Nineteen suspects on remand at Luzira Prison, who were being tried by the suspended Anti Corruption Court, have petitioned the Acting Chief Justice Steven Kavuma to among other options reconsider releasing them on bail.
The 19 suspects say the future of the Anti Corruption Court is uncertain following the July 12 Constitutional Court ruling that suspended its operations. The suspects argue that this has deprived them of their right to liberty as enshrined in Article 28 and 23 of the constitution.
They also contend that the ruling did not give them a remedial order and that it’s a practice when a given court is being challenged before the Constitutional Court, the accused persons involved, if on remand are to be released on bond upon presenting substantial sureties.
In their petition, the inmates want Justice Kavuma to help them by either expeditiously disposing of the main petition or by way of a supplementary order for them to be released on court bond.
Speaking to the media recently, Kavuma said the main petition will be handled with urgency given that it’s a constitutional matter.
On July 12, the Constitutional Court stayed all the criminal proceedings arising from the Chief Magistrates and Grade One Magistrate attached to the Anti Corruption Division of the High Court, until the substantive petition challenging the composition of the magistrates’ court is determined.
The Constitutional Court petition No.2 of 2013 was filed by David Wesley Tusingwire against the Attorney General.
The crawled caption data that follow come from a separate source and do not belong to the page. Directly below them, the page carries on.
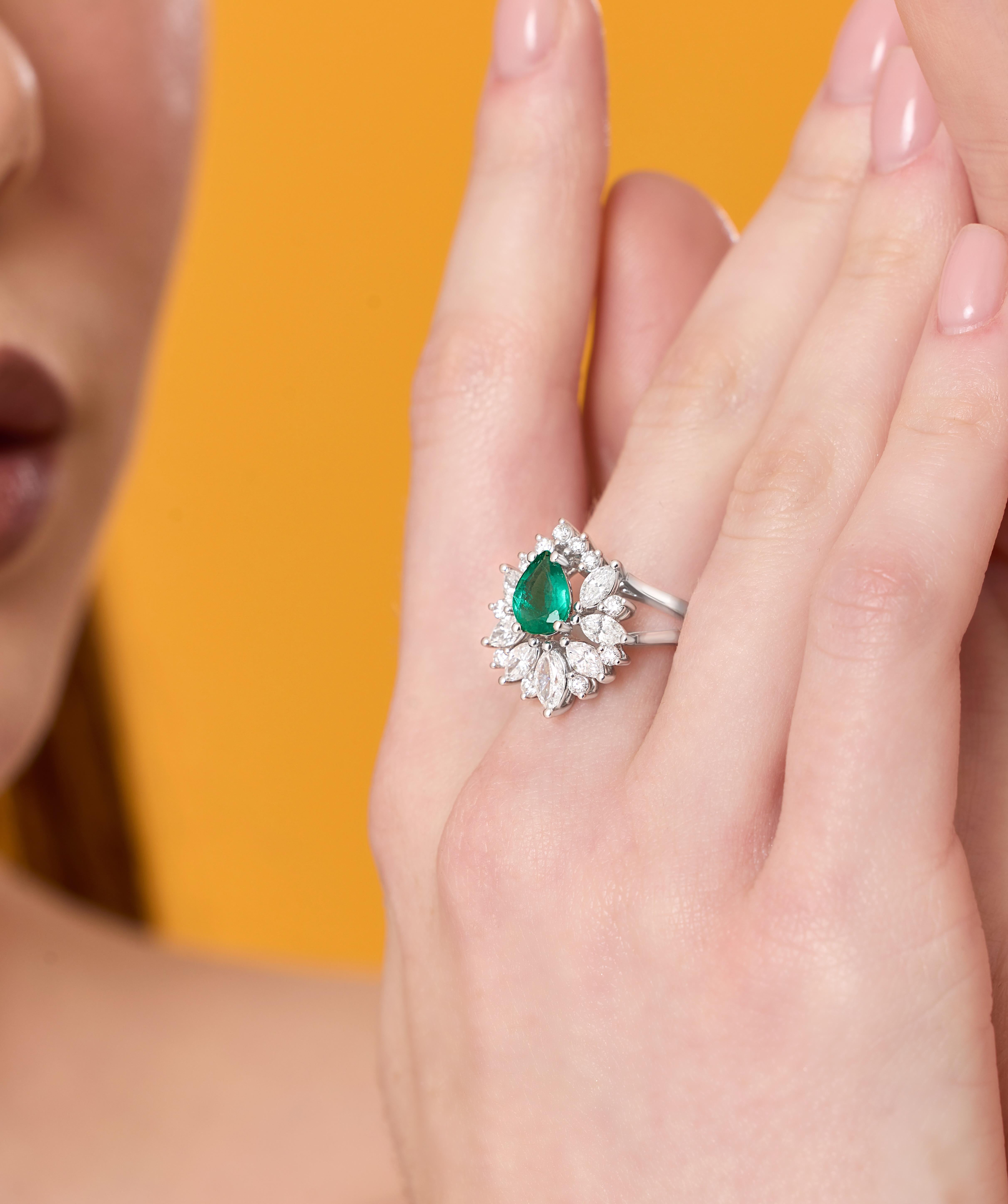Im Angebot: Smaragd- und Diamant-Cluster-Ring aus massivem Gold mit 2,17 Karat () 4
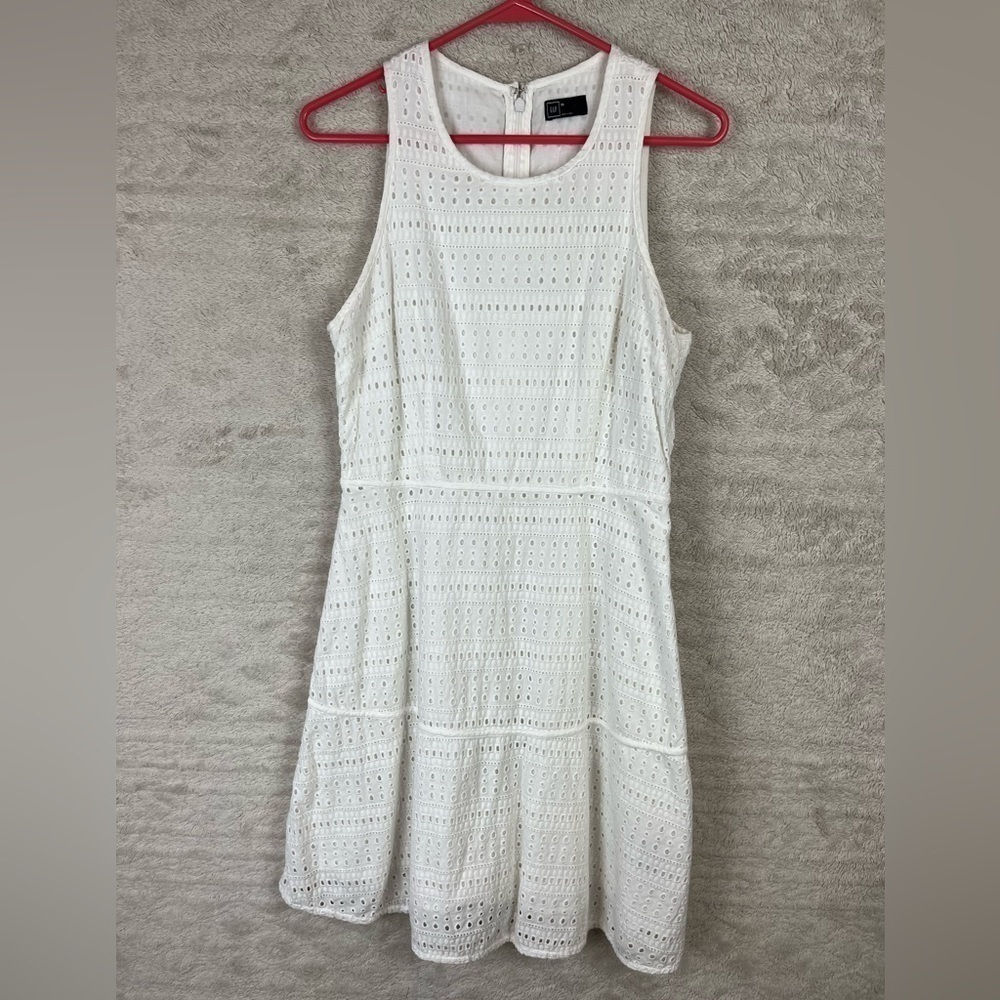 GAP White Eyelet Dress Size 6 Sleeveless Back Zipper Boho  Tiered Tea 100% Cotto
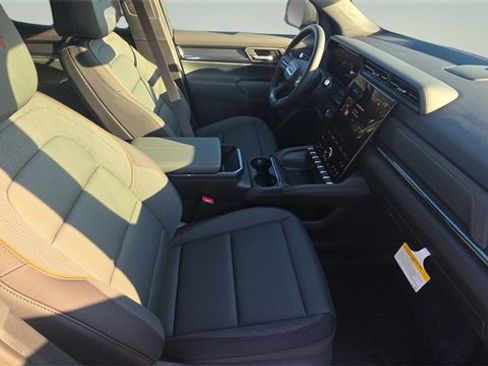 New 2026 GMC Terrain AT4 w/ LPO, Floor Liner Package image 25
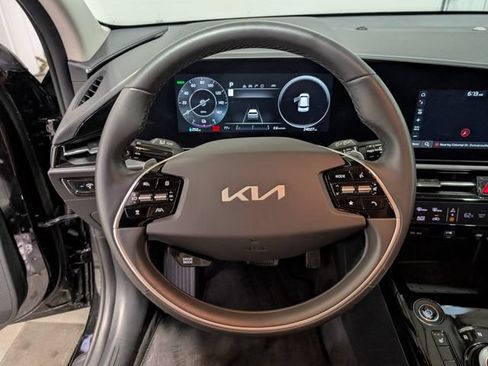 Used 2024 Kia Niro Wind FWD image 16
Tusingwire is challenging the inclusion of magistrates in the Anti-corruption Court which is a division of the High Court.
While temporarily suspending the operations of the court, a panel of three Justices led by Acting Chief Justice Steven Kavuma, noted that their decision will not have any effect on already decided cases and that only the continuing cases should be stayed until the substantive petition is disposed of.